日に日に、カズに似てきて、不思議な子だった。

大野さんと翔さんの隣の席を取り合いっこして、今も目の前で騒いでいる。

 

「大野さん、先生の隣に座んないでよ!」

 

「何だよ、リュウ! 翔ちゃんに、お前はくっつき過ぎ!」

 

「ええ〜大野さんのが、ひどいじゃん!」

 

「俺、リュウ君と座るから、大野さん譲ってあげてよ?」

 

見かねた翔さんが、大野さんに譲らせる。

 

「翔さん、もうリュウ君の親みたいだね?」

 

「先生は、僕のだからね」

 

嬉しそうに、リュウ君が笑って、翔さんも嬉しそうだ。
そんな二人を見て、大野さんも微笑んでる。

 

前に、この子へ会いに来たカズを見たって、翔さんが言ってた。

全く、羨ましいよね。

カズってば、俺んとこには、来ないでさ。

 

『ごめんね、潤君』

 

「カズ?」

 

「ニノだ!」

 

突然、声がして俺たちは口々に叫んだ。

 

窓から大きな風が入ってきて、カズのための花束が揺れて、音の無い音が鳴った。

リュウ君だけが、聞こえないのか、キョロキョロして俺たちを見る。

 

「ああ、リュウ君ごめん、カズの声が聞こえたんだ」

 

「それって、あの優しい先生? そこにいるけど……?」

 

「え!」

 

リュウ君が指差す方向を見たけど、誰も居ない。

 

「消えちゃった……笑って立ってたよ。昔と一緒だった」

 

リュウ君が、微笑んだ。

 

「多分、いつもココにいるみたいだった。だから、話しかけたり、思い出してあげたら良いと思う」

 

「リュウ君、よく、他の場所でも色々、視えるんだって」

 

翔さんが不思議そうに言う。


「1回、死にかけて危なかった日から、……優しい先生が見えた日からだと思う」

 

「そうなんだ……。
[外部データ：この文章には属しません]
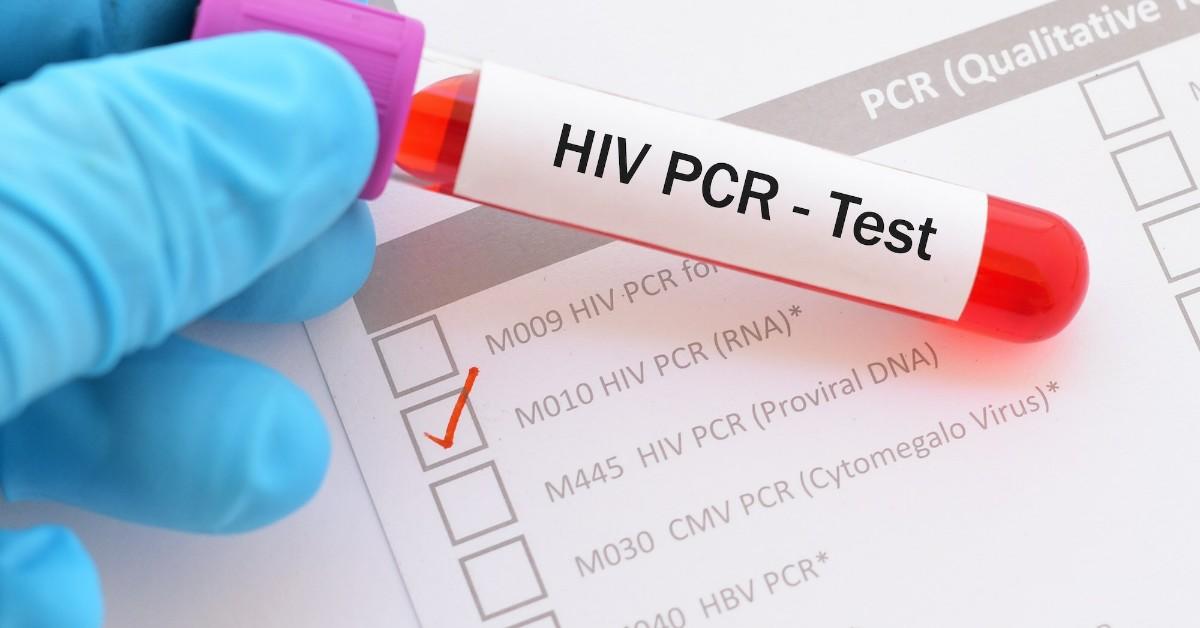 HIV PCR Test Results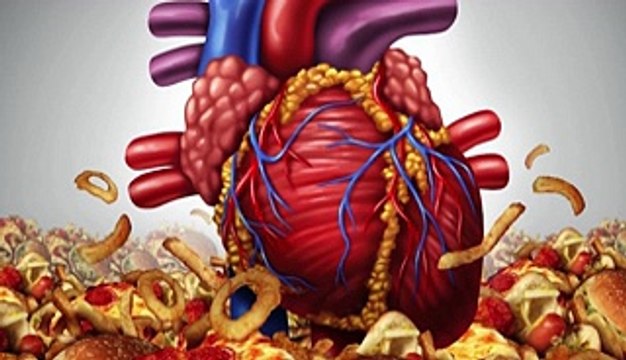What is Heart Attack In this video, we explain what a heart attack is, its common symptoms, and the critical steps you need to take if you or someone you know is experiencing one. Learn about the risk factors, prevention tips, and treatment options to st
じゃあ、カズも……」

 

俺には見えないけど、ココに居るってことは、心配かけてたのかな。

 

カズ、いつまでも優しい従兄弟。

 

いつか、ちゃんとまた会えるよね。

 

花束は、必ず一生君のために、用意するから。

 

会える日まで待っていて。

 

 

 

 

数年後……リュウ君がカズの代わりに、翔さんの隣で医師となる。

 

それもきっとカズが、起こした奇跡だと思ってる。

 

でも俺は、悪いけど、おまえから卒業する気はないからね。

 

 

 

穏やかな晴れた3月の日。

 

可愛い花の向こうのカズが、綺麗に笑った気がした。

 

 


 

 

「桜晴。〜花束は永遠に〜」<end>

 

 

読んで下さってありがとうございます。